Edwards Lifesciences Corporation EW recently announced the commencement of a study on the company’s self-expanding CENTERA transcatheter valve. The company has started a U.S. pivotal trial on CENTERA for severe, symptomatic aortic stenosis (AS) patients who are at intermediate risk of open-heart surgery.

Under this prospective single-arm, multi-center study, Edwards plans to enroll approximately 1,000 patients and include bicuspid registry. The study has a composite endpoint of all-cause death and/or all stroke at one year.

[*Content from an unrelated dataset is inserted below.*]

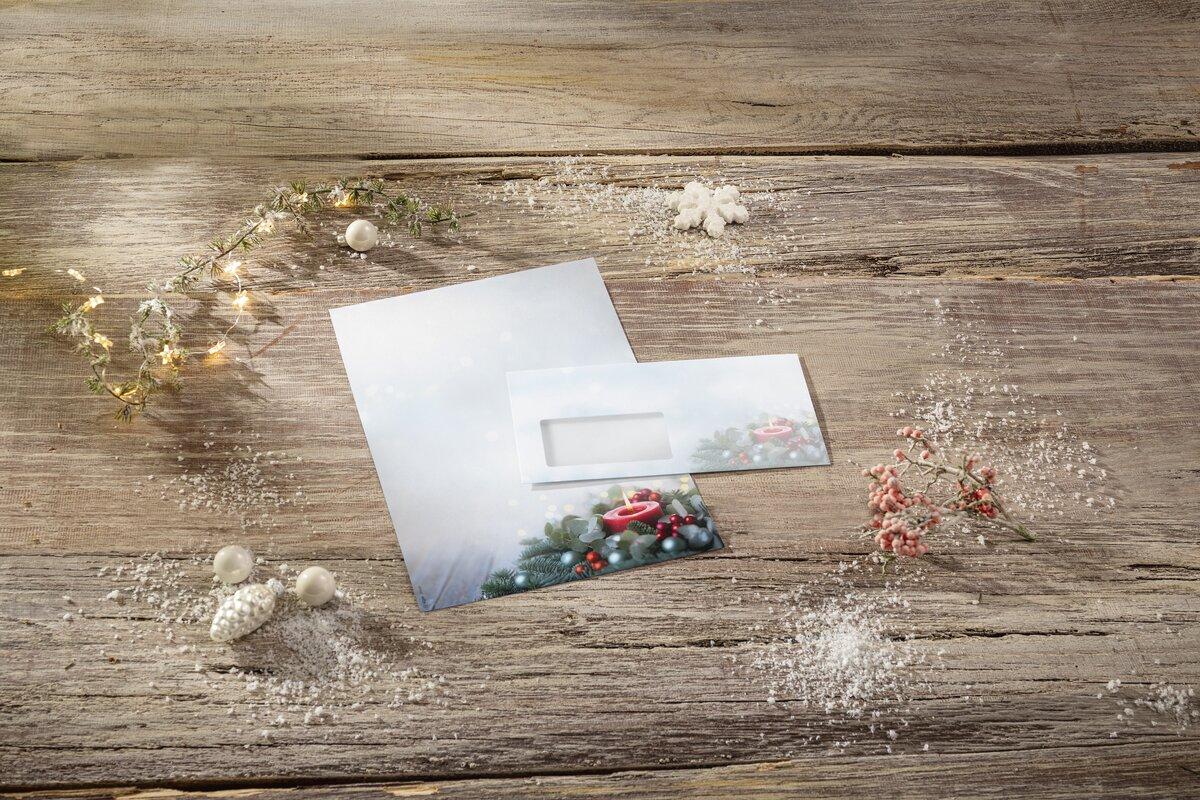 Postcard and envelope with Christmas décor on wooden table, string lights and artificial snow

Edwards expects successful execution of this study to create a robust body of evidence to support the use of CENTERA for the treatment of patients with aortic stenosis.

Edwards also confirmed that it is recommencing the commercial introduction of the CENTERA valve in Europe after making certain minor modification to CENTERA's delivery system, announced earlier. This is likely to boost the company's core Transcatheter Heart Valves (THV) segment.

CENTERA's Progress So Far

In February, CENTERA valve received CE Mark for use in severe, symptomatic aortic stenosis patients at high risk of open-heart surgery. The CE Mark was based on the CENTERA-EU trial results. The outcome of the trial demonstrated high survival rates (99%), low rates of disabling stroke (2.5%) and new permanent pacemaker (4.9%) at 30 days.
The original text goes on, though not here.